We all know about Kodiac, now at €65k a pop after producing a string of high-class performers over the past decade, but how about Mehmas? Available at €7,500 last year having entered the stud at €12,500 but, after his first crop ran away with the first-season sire title, he was upped to €25k for this year.

Tally Ho has two interesting first crop sires this year, and both were available at a covering fee of €5k. Cotai Glory is far and away the leader in his division with 18 individual winners. Heading his list is the brilliantly-fast Atomic Glory, already twice successful with ease in a Group 3 and then Group 2 in France for Kevin Ryan. Atomic Glory looks an obvious favourite for the Prix Morny (G1) later this month at Deauville.

Tally Ho’s other €5k bargain is Galileo Gold, Hugo Palmer’s 2000 Guineas and St James’s Palace Stakes hero. Palmer acquired his son, now called Ebro River, for Galileo Gold’s owners Al Shaqab for 75,000gns out of Tattersall’s Book 2 last October. Yesterday the owners collected almost double that when Ebro River landed the aforementioned Group 1 Phoenix Stakes as a 12-1 shot having looked short of top-class in recent runs at the major summer meetings.

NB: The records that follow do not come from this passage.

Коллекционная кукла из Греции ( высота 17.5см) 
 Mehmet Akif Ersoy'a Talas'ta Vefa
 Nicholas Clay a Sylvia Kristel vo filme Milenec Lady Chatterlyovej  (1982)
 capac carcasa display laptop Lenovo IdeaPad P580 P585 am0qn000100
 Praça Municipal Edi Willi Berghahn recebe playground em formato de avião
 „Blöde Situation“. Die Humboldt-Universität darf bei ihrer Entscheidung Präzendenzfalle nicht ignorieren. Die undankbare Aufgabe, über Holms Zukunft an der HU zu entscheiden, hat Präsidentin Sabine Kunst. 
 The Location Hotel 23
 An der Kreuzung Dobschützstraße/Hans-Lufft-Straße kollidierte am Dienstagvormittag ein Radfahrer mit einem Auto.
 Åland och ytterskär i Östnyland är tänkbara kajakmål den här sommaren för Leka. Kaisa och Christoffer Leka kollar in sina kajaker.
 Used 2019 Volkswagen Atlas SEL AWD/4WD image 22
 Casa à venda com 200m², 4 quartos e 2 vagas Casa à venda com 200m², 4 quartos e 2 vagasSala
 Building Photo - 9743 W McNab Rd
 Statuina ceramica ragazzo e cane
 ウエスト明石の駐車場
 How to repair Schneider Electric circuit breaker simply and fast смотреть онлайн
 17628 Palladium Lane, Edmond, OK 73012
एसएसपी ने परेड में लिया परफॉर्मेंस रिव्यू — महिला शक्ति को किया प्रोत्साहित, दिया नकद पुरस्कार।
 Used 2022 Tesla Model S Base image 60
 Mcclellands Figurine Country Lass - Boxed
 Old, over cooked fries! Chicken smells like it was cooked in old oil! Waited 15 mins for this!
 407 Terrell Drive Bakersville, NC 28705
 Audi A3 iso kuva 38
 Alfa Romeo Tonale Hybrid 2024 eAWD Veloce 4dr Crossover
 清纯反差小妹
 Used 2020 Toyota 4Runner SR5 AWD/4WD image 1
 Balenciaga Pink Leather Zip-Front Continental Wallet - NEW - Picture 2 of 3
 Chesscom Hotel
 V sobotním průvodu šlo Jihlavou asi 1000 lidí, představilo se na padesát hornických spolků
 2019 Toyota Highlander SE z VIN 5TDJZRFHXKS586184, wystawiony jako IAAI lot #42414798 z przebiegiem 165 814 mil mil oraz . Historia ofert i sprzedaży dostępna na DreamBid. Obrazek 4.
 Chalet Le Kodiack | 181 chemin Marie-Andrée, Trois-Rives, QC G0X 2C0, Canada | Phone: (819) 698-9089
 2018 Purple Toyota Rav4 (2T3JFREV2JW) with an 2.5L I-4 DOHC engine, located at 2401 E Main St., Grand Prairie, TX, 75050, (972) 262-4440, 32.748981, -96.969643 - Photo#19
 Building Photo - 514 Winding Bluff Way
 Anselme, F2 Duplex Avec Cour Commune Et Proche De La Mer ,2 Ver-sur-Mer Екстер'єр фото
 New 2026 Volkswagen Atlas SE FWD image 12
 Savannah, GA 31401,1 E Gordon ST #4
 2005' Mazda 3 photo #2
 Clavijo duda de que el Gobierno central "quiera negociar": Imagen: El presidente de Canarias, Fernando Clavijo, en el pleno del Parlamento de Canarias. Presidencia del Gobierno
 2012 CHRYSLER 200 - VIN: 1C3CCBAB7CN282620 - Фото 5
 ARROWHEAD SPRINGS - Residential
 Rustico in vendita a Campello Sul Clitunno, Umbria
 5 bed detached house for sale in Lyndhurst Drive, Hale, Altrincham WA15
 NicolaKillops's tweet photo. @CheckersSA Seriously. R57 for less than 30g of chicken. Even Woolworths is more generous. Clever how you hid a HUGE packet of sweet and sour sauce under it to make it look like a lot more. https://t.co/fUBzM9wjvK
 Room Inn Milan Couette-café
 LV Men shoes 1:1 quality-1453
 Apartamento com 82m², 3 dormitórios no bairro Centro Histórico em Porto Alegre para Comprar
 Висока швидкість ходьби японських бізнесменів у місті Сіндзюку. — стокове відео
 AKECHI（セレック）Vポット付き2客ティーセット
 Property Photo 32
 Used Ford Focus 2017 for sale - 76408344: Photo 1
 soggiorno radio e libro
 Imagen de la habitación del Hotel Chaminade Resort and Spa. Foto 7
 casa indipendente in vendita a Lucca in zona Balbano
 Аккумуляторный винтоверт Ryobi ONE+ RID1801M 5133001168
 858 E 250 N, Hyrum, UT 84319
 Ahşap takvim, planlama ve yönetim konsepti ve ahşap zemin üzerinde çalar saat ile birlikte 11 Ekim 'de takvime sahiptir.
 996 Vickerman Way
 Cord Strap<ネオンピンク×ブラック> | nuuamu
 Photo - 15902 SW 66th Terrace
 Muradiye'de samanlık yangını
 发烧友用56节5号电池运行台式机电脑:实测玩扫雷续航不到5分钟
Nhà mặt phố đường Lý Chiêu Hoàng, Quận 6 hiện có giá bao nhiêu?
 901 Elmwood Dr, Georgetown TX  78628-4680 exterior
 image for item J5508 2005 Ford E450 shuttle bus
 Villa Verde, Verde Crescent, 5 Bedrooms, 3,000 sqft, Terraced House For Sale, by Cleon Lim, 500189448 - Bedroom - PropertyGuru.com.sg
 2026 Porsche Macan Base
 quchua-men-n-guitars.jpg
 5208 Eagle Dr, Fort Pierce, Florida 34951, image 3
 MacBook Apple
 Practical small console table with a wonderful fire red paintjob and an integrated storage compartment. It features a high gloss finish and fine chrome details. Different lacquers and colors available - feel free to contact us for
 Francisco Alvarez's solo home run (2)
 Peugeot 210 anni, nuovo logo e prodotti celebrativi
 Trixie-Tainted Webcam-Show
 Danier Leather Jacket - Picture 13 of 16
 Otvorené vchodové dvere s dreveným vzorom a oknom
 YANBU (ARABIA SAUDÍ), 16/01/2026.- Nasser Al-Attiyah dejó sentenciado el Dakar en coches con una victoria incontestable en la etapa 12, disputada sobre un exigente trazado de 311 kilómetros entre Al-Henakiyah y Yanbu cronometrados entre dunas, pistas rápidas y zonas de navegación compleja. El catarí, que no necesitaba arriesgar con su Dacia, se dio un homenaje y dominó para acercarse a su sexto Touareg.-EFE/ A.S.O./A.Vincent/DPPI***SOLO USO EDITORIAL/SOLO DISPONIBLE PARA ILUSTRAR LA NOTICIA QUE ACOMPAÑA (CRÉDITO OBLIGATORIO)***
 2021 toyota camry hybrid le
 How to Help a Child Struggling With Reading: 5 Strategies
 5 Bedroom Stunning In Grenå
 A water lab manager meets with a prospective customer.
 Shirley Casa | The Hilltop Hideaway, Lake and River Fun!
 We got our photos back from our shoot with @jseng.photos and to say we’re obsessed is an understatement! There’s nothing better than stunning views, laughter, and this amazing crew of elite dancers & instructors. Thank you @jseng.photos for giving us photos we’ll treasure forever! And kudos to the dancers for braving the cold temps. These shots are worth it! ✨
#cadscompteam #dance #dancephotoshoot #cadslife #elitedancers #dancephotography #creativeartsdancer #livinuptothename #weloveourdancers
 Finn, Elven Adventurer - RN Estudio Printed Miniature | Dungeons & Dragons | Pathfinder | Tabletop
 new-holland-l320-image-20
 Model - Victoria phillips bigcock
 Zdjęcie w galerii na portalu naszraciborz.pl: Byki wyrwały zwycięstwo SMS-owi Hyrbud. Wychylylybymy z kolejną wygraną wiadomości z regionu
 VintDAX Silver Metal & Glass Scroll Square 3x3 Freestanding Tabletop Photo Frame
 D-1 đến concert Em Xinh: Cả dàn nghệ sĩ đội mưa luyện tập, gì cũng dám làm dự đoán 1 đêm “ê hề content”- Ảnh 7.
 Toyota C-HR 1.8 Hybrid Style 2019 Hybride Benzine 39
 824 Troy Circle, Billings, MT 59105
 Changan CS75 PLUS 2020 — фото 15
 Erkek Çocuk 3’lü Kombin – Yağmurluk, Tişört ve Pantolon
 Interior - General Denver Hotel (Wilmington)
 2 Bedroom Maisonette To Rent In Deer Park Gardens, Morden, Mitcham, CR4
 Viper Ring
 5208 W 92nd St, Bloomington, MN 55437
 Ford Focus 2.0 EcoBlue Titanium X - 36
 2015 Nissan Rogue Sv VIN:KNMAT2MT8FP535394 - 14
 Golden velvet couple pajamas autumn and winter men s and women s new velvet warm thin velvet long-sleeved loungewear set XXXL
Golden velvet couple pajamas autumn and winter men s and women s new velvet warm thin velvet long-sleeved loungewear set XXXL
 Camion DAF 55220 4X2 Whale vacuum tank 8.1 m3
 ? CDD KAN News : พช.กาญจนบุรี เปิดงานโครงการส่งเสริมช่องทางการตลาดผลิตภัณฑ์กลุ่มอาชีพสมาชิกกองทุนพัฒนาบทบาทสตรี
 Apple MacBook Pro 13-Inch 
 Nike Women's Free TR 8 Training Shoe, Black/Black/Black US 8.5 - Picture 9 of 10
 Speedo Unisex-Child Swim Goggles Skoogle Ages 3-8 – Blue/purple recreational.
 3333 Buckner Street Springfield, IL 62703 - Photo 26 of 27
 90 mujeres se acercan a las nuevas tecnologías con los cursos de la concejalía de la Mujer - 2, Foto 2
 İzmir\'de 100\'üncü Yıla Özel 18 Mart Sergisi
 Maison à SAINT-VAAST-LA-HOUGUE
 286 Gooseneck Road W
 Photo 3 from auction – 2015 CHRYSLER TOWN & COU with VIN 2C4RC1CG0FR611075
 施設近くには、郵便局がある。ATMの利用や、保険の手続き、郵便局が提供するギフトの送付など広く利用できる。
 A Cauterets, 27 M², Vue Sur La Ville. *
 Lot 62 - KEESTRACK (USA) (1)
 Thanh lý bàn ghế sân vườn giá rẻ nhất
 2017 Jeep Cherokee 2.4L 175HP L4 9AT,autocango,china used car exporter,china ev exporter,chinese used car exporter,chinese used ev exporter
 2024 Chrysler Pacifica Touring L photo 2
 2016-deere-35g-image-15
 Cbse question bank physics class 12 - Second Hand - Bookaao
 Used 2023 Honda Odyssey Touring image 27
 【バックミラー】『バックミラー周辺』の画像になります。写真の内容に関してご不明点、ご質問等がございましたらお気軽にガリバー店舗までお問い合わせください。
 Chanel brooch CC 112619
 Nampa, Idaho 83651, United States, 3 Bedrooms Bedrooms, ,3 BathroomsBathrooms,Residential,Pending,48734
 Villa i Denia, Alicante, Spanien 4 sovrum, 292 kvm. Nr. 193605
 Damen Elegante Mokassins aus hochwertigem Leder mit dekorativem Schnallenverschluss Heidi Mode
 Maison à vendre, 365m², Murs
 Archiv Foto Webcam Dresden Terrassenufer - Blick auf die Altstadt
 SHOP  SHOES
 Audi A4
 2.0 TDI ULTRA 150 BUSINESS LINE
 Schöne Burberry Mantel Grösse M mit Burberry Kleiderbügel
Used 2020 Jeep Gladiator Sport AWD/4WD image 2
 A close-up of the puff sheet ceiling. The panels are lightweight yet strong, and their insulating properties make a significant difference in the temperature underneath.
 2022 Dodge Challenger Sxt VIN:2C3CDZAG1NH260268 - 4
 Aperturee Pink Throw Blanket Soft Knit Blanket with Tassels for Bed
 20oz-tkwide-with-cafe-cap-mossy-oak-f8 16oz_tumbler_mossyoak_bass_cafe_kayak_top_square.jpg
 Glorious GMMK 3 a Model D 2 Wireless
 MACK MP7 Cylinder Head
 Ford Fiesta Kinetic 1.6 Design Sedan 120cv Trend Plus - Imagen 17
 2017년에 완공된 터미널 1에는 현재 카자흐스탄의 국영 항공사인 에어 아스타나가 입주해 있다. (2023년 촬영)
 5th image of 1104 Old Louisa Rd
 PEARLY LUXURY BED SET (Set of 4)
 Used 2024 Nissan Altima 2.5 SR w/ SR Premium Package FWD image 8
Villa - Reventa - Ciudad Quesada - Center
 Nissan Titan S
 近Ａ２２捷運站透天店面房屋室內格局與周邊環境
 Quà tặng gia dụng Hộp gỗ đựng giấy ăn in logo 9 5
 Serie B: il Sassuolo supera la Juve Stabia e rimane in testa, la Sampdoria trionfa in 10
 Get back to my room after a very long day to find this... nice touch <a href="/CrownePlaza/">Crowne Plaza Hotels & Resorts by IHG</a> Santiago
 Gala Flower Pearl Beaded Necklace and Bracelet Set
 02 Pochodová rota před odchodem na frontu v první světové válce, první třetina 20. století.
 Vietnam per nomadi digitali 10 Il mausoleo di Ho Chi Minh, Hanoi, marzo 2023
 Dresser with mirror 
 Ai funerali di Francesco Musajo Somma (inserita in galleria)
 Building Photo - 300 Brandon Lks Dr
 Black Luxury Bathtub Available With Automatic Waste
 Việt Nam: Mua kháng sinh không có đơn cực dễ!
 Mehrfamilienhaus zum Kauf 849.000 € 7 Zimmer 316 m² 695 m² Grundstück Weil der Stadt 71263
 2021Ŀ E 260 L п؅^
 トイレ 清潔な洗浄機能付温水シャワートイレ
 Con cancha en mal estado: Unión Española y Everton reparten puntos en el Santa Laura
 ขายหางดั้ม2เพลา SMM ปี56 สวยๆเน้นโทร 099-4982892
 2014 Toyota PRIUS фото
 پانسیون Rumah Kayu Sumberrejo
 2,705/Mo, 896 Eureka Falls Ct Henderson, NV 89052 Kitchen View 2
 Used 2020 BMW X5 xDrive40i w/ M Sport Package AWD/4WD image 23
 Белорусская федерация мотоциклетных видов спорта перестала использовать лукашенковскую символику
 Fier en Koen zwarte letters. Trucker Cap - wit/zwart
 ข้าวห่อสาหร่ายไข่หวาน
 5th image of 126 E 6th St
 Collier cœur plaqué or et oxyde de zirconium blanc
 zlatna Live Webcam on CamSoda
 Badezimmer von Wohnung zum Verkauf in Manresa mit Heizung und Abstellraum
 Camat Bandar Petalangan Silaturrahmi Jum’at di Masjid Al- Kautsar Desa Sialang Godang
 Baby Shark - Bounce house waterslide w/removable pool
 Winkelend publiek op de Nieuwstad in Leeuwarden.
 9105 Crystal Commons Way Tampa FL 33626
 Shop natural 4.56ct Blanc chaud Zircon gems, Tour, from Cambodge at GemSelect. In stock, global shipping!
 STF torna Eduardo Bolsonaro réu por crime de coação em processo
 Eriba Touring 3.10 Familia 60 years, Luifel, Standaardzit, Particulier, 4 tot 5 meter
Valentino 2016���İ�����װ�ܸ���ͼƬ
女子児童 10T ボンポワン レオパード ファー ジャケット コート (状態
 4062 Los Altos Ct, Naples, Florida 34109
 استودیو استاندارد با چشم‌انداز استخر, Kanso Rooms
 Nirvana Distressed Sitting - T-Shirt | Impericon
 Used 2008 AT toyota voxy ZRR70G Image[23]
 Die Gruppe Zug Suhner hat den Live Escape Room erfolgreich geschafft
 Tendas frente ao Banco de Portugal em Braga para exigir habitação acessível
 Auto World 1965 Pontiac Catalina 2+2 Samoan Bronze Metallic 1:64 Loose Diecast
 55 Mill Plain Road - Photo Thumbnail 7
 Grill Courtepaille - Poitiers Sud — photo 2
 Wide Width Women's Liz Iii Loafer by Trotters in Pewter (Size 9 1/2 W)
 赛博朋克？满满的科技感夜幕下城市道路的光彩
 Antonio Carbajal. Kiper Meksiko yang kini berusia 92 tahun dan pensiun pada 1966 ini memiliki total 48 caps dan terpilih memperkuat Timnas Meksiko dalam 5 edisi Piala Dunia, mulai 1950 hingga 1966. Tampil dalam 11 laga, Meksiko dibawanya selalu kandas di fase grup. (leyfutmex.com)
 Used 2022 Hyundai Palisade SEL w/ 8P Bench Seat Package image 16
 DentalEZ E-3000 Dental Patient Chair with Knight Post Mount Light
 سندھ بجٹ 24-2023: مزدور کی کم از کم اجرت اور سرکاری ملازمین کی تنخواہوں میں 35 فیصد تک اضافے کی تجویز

Both stallions will assuredly be moving up into the Mehmas bracket for the next covering season and with sons Roger and Harry nowadays adding youthful energy as well as brilliant talent-spotting to the legendary skills of Tony and his wife Anne, John Magnier’s sister, Tally-Ho will be on top for many years to come. They repeatedly find new stallions that suit the sort of owners and breeders who like two-year-old winners! Who doesn’t?